■ HOW TO COMPLETE THIS TASK
Where the listing below has a line with "Vehicle Website - Book", write out exactly that line and every line after it, stopping after the line with "West Elm Rachel".

■ DATA FOR REVIEW

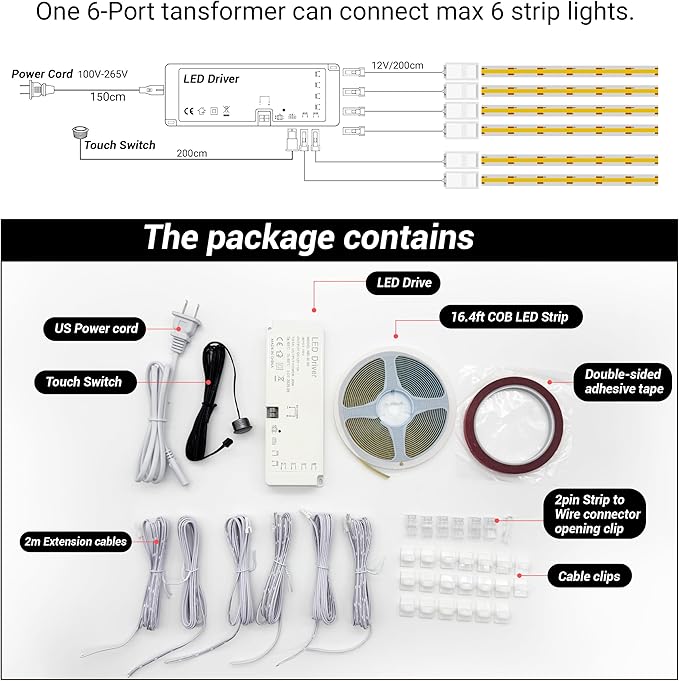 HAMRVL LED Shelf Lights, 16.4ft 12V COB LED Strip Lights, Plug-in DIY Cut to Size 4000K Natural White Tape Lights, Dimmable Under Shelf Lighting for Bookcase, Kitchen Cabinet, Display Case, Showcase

...

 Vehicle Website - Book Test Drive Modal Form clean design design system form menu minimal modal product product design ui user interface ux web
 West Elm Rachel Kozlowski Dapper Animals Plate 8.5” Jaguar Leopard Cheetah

...

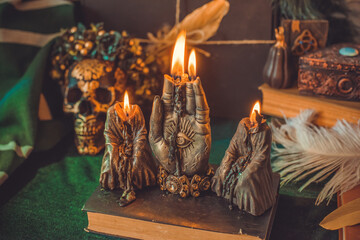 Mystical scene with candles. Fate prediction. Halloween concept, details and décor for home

■ SOLUTION BELOW
 Vehicle Website - Book Test Drive Modal Form clean design design system form menu minimal modal product product design ui user interface ux web
 West Elm Rachel Kozlowski Dapper Animals Plate 8.5” Jaguar Leopard Cheetah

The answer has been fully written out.